We have an amazing opportunity ahead at Kyndryl to create a company brand that will stand apart in the market by leading with our people first. Once we are an independent company, each Kyndryl employee will advance the vital systems that power human progress. Our people are devoted, restless, empathetic, and anticipatory – key qualities needed as we build on existing customer relationships and cultivate new ones. Our people are at the heart of this business and I am deeply hopeful and excited for our future.
What experiences have helped prepare you for this new opportunity?
I’ve had a very rich and diverse career history at IBM that has lasted 25+ years. I started out in sales but landed explored opportunities at IBM in different roles, business units, geographies, and functions. Marketing and business are my passions and I landed on Marketing because it allowed me to utilize both my left and right brain, bringing together art and science. In college, I was no tonly a business major, but an art major. I love marketing because I can leverage my extensive knowledge of business, while also being able to think openly and creatively.
The opportunities I was given during my time at IBM and my natural curiosity have led me to the path I’m on now and there’s no better next career step than a once-in-a-lifetime-opportunity to help launch a company. The core of my role at Kyndryl is to create a culture centered on our people and growing up in my career at IBM has allowed me to see first-hand how to prioritize people and ensure they are at the heart of progress in everything Kyndryl will do.
How would you describe your leadership style?
I believe that people aren't your greatest assets, they are your only assets. My platform and background for leadership has always been grounded in authenticity to who I am and centered on diversity and inclusion. I immigrated to the US from Chile when I was 10 years old and so I know the power and beauty that comes from leaning into what makes you different from other people, and that's what I want every person in my marketing organization to feel – the value in bringing their most authentic self to work every day. The way our employees feel when they show up for themselves authentically is how they will also show up for our customers, and strong relationships drive growth.
I think this is especially true in light of a world forever changed by the pandemic. Living through such an unprecedented time has reinforced that we are all humans. We can't lead or care for one another without empathy and I think leaders everywhere have been reminded of this.
What’s the best leadership advice you’ve received?
When I was growing up as an immigrant in North Carolina, I often wanted to be just like everyone else.

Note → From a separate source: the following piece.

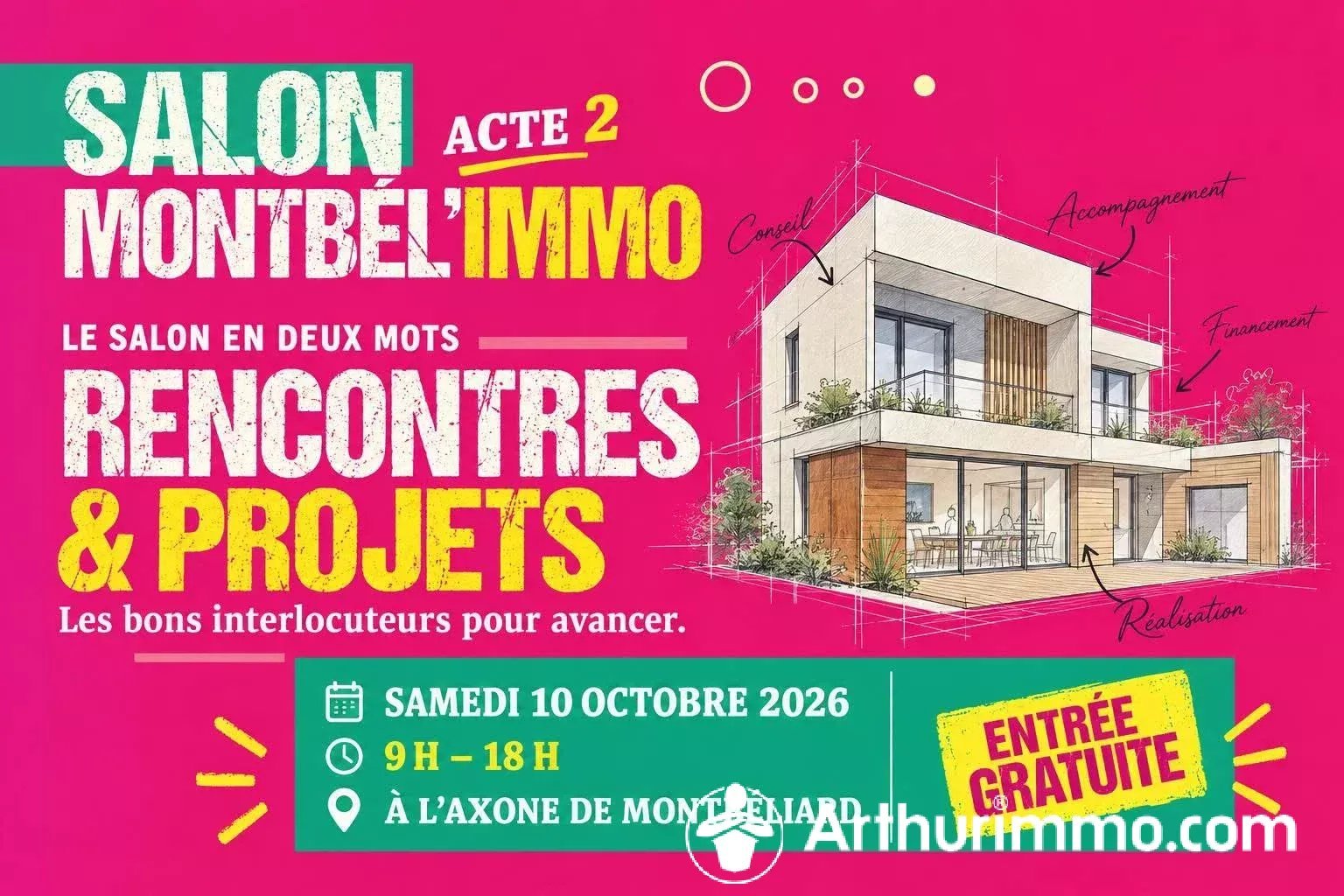Appartement à louer, 73m², Bart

But my mother always told me: Be unique, be memorable – you have an authentic view and experience of the world that no one else will ever have, so don't try to be anyone else but you.

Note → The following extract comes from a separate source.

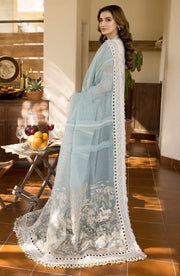 Maryum N Maria Chikankari Ready to Wear 3Pc Suit MLRD-073 Iced Aqua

What does success look like to you?
I think the concept of success is multi-faceted. From a career perspective, being in a job where you're respected and appreciated, and where you can see how your contributions are providing value by motivating your teams to be better – that's success! From a personal perspective, there is no greater accomplishment than investing in the next generation. I love mentoring younger professionals – they are the future. I want my legacy as a leader to include providing value in work culture, but also in leaving a personal impact on the lives of professionals who will carry the workforce forward. Finding a position in life with a job and company that offers me a chance at all of that is what success looks like to me.
What advice would you give to your younger self just starting out in the industry?
I've always been a naturally curious person and it's easy for me to over-commit to projects that pique my interest. I've learned over years of practice how to manage that, so to my younger self I’d say… prioritize the things that are most important, and then become amazing at those things.